WINNER of the prize for WRITER WITH A DISABILITY OR CHRONIC HEALTH CONDITION (THE WELKIN WRITING PRIZE 2023)
The Troll Was a Woman All Along
by Ali McGrane
And after a couple of centuries stuffed under a low bridge, she’s on the move. Looking for headroom. Relief from the crick in her neck. Somewhere to unfold. Thinks she’s found it in this lighthouse, rising tall from the cliff.
But it’s lined with its own stuffing, a dizzying wonder-winder, cold stone, not light at all.
She climbs to break free of the weight, up and around, heaving her aches skyward. Her troll-mutters raise echoes in the narrowing tower. At a slit window with a view of the horizon, the earth’s curve made straight, she presses her face to the gap where the ocean’s morning breath snags a song that moans in her belly, in the empty mounds of her breasts.
She turns back to the stairs.
This tower seems taller on the inside. She fears its magic, fears her climb may never end. On all fours she gropes and scrabbles. Woodlice skitter. A black story spider spins a web in her hair, baby fingers stroking. She pushes and pushes, and bursts out of, and into.
Slow as the winking lamp, she uncurls. She can see it all. Caught in the beam, in the dark. Found and lost. Lost and found.
After a time, an age, an aeon, she tips the memory bag from her back. The contents spill, and she bathes her feet in the warm pools, dips her fingers in the sorrowing streams. She spreads her arms wide, and the glass walls are beyond reach. She stretches her arms above her head as far as they will go, and they touch only air.

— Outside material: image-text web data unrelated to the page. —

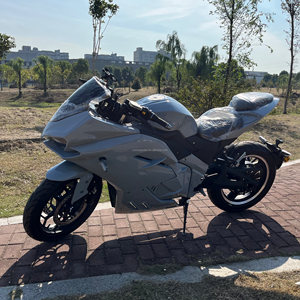 มอเตอร์ไซค์ไฟฟ้ารุ่น DKD High Power 10000W 72V ความเร็ว 120 กม./ชม. สำหรับผู้ใหญ่ รถแข่ง ขาย - Product Image 4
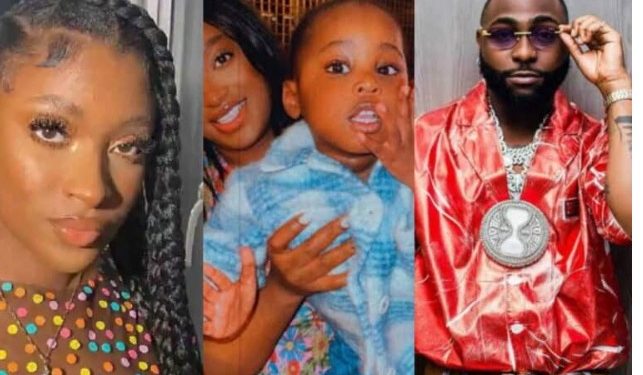“Day a foe used juju on my son”—Davido’s babymama, Larissa London narrates
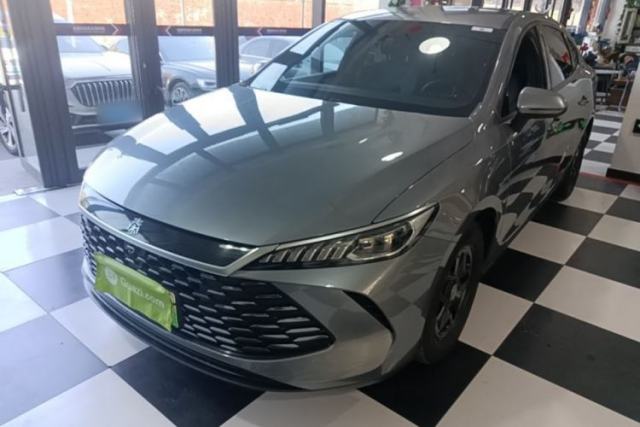 Used BYD Qin PLUS 2025 DM-i Smart Drive 55KM Leading Model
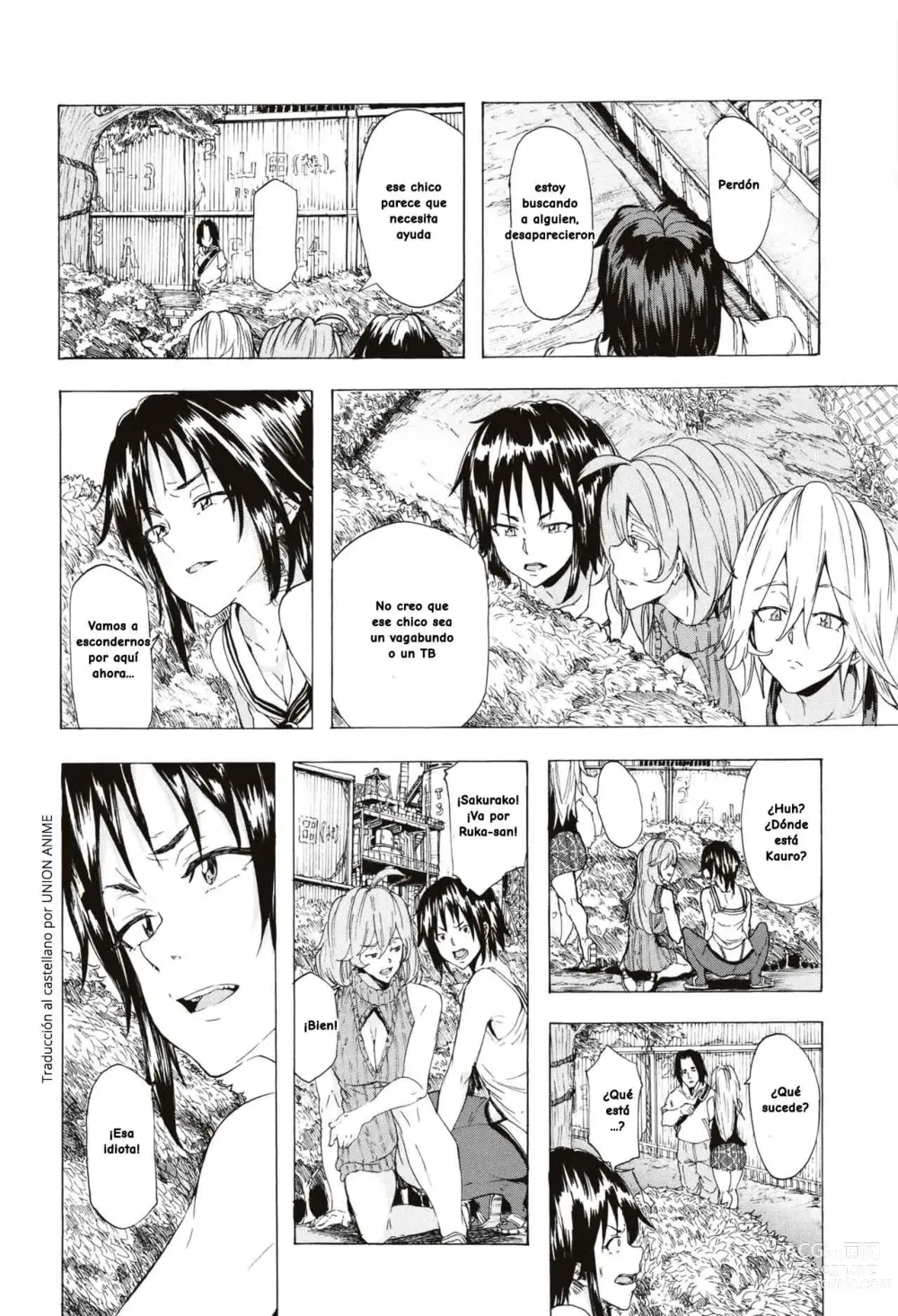 Page 132 of manga Juurin no Ame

Ali McGrane lives between the sea and the moor in the south west UK. She has stories in Splonk, Fictive Dream, Ellipsis Zine, Gone Lawn and elsewhere. Her work has been nominated for Best Small Fictions, Best of the Net and Best Microfictions. Her novella-in-flash, The Listening Project (Ad Hoc Fiction 2021), received a special mention in the 2022 Saboteur Awards. Find her @Ali_McGrane_UK and alimcgrane.com
I love how this piece hurtles straight into its first sentence and how it ebbs and flows from there. The writing is wonderfully playful throughout – the tower described as “a dizzying wonder-winder”, the mirroring of “Found and lost. Lost and found” – and there is a brilliant attention to tempo and rhythm, especially in that hurtling sentence that starts “At a slit window” and in the one-sentence paragraph “Light” around which the story turns.